The practical utility of LLMs for most people is currently narrow: it can be a tool for organizing data, writing code faster, or, more commonly, as an alternative to a declining Google Search. Yet this creates a paradox. These models often provide inaccurate or plagiarized information while draining traffic from the very websites that produce quality content. This undermines the information ecosystem everyone relies on. Similarly, AI-generated music and books are less about unlocking creativity and more about flooding markets with low-effort content, making it harder for real artists to be seen and paid. These tools often serve scammers, not creators or consumers.
The root cause is a profound disconnect from ordinary life. Many founders and investors exist in a bubble, listening to each other’s podcasts and stoking fears about being left behind. They are detached from what people value: reliability, affordability, and simplicity. This is how we ended up with clunky VR headsets and digital collectibles that briefly captivated a niche audience before fading into obscurity. The Silicon Valley hype cycle keeps spinning, but the products rarely find a lasting customer base because they aren’t built for one.

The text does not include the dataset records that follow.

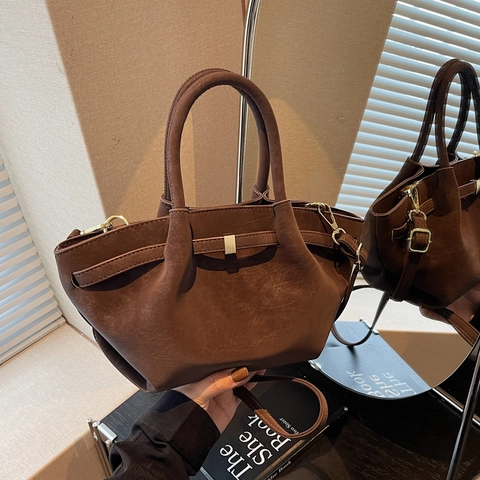 Women Matte PU Leather Handbag Retro Pleated Wing Design Shoulder Crossbody Bag Vintage Style For Daily Use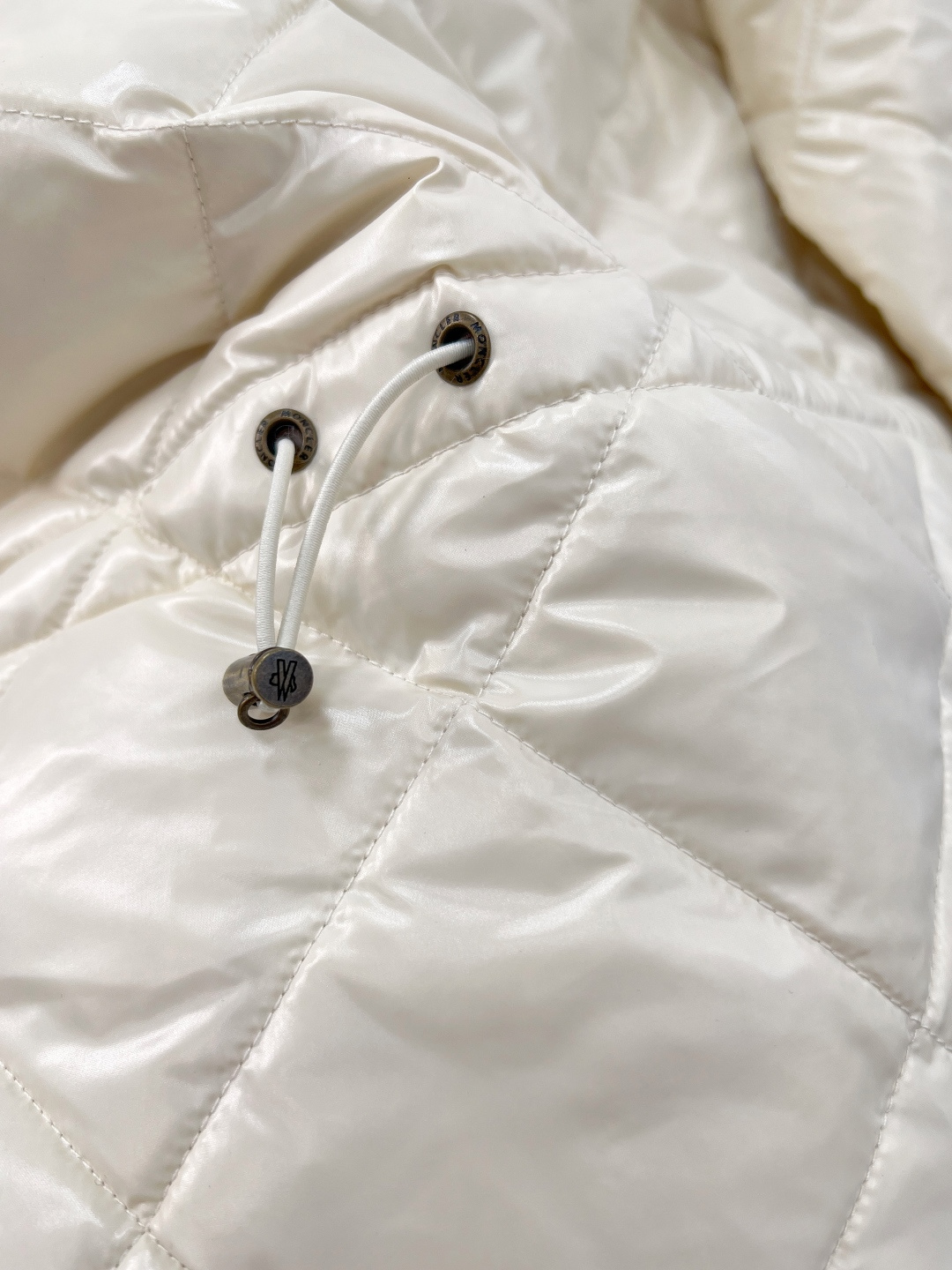 🆕Moncler FW26全新秋冬款象牙白羽绒,自带轻熟小香气质,彻底告别厚重臃肿冬装! 通体规整菱形格绗缝工艺,锁绒稳 🆕Moncler FW26全新秋冬款象牙白羽绒,自带轻熟小香气质,彻底告别厚重臃肿冬装! 通体规整菱形格绗缝工艺,锁绒稳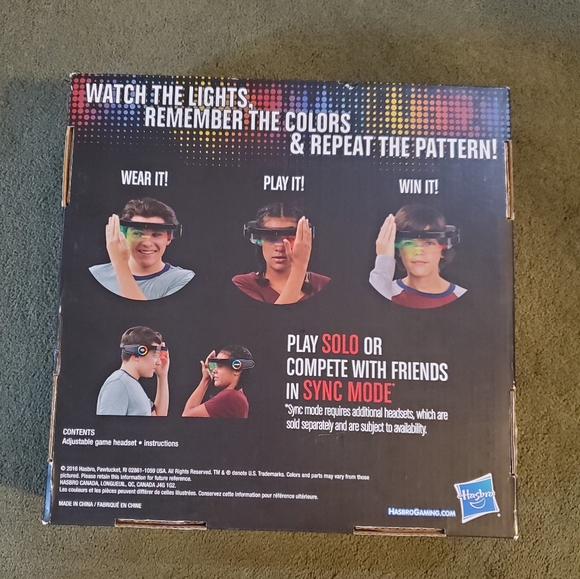 Simon Optix Electronic Game - Picture 2 of 14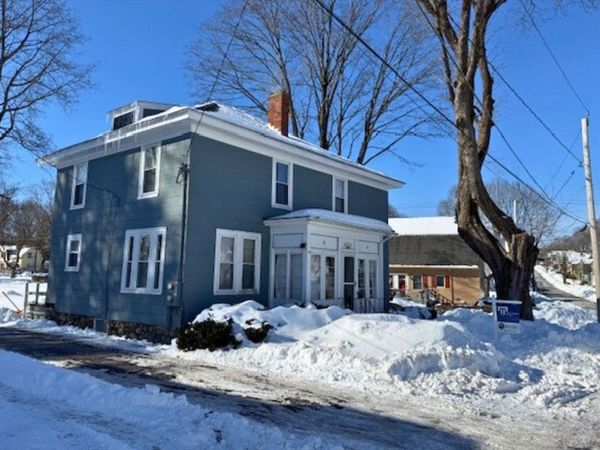 31-33 Roosevelt St, Maynard, MA 01754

A revealing moment came from investor Marc Andreessen, who lamented that founders who take psychedelics often find peace and then quit their struggling companies. His concern was for the failing business, not the person’s well-being. This highlights the core issue: a culture that prizes world-domination ambitions over human happiness and fulfillment. Most people would choose a balanced life over a grinding quest to force an unwanted future on the market.
The path forward is simpler than Silicon Valley makes it. The real way to shape the future isn’t to dictate it from a place of hubris. It is to practice humility, observe real needs, and build things people actually want. The market rewards solutions, not just spectacle.